The same arguments arise over "plastic body" vs "magnesium" body from time to time.

What most people ignorant in mechanical design will say is that magnesium is SOOOOO much better in all circumstances. Plastic is for wussies. Unfortunately that is also a big fat lie, and demonstrably wrong in so many cases of industrial design that one could think that people should some day learn that different material characteristics have different "best uses" in different scenarios.

Magnesium / aluminium alloys are typically very stiff, and have very high modulus values. This makes it very brittle in many cases - and it also gives the casing extremely small amounts of impact damping. Any force applied to the camera casing is directly transferred without loss on to the mechanics inside.

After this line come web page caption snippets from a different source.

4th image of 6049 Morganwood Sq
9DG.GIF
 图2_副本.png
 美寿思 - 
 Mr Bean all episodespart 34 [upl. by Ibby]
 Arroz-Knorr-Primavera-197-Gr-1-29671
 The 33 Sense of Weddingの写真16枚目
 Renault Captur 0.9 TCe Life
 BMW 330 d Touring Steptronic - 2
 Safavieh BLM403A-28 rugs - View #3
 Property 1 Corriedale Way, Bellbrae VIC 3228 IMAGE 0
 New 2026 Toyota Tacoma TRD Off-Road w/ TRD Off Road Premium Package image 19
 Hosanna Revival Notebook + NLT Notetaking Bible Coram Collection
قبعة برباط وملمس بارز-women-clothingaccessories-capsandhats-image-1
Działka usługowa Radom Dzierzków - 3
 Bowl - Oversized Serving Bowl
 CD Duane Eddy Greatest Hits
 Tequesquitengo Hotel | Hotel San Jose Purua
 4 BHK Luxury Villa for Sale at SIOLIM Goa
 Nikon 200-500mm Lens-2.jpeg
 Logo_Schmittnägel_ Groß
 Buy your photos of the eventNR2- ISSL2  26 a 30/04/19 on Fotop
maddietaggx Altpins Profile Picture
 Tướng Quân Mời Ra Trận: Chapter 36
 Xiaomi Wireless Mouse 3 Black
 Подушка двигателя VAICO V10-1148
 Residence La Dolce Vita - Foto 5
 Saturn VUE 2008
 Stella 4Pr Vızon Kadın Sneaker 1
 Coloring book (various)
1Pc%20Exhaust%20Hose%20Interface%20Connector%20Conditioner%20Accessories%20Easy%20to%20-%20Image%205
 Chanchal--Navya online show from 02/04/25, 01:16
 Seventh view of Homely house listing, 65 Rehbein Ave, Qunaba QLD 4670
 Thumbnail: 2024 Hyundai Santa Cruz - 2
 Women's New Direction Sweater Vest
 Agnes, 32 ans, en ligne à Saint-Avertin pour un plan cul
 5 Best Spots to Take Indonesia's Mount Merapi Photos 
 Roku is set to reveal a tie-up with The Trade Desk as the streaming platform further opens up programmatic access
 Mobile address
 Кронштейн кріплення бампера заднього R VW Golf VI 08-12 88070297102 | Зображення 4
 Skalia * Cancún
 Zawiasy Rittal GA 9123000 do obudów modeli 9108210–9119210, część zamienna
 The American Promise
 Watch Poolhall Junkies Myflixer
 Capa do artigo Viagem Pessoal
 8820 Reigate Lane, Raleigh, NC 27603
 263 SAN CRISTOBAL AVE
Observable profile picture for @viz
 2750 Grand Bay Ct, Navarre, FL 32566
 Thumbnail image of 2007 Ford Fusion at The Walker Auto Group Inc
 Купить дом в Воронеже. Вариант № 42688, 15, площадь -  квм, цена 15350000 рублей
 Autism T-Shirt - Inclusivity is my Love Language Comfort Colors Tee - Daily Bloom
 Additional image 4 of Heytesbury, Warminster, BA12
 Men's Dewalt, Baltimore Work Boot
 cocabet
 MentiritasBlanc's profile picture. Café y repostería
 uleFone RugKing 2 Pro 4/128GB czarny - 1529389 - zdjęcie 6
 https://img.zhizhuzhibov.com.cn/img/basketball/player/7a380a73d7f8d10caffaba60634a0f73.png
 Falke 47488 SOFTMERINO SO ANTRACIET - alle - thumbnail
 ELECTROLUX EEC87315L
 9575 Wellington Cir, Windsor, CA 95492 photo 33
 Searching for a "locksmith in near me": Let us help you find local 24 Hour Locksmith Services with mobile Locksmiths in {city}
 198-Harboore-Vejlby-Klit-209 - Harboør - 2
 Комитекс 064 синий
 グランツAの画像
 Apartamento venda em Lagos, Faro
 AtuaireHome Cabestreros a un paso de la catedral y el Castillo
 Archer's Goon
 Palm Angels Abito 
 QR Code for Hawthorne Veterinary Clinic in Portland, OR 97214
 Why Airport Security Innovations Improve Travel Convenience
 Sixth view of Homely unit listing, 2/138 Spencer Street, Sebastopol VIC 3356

Drop a camera from table-top height and have it land on a magnesium outer surface (if that outer shell is directly coupled to the inner cage of the camera) and the acceleration stress on the components on the inside of the camera can be between 100 and 1000 times higher than if you have a slightly flexible outer layer on the camera. The exterior of the camera will maybe not even get a dent (since the surface is so hard) - but the risk of something vital inside the camera breaking has been increased almost a hundredfold

Now do the same, but have the camera land on a fiber-reinforced construction plastic in stead. The plastic will deform slightly at impact, and this absorbs most of the extremely high initial acceleration - sparing the innards of the camera (that is still contained in a magnesium cage that holds all the important bits at constant positions) from extreme mechanical stress. The plastic will then hopefully bend back.
...............

If the surface (outer shell) that met the asphalt - on your camera - had been made of metal, the camera would have been toast. Shutter, mirror, prism alignments would have just shattered. Moving part sockets would have bent out of shape.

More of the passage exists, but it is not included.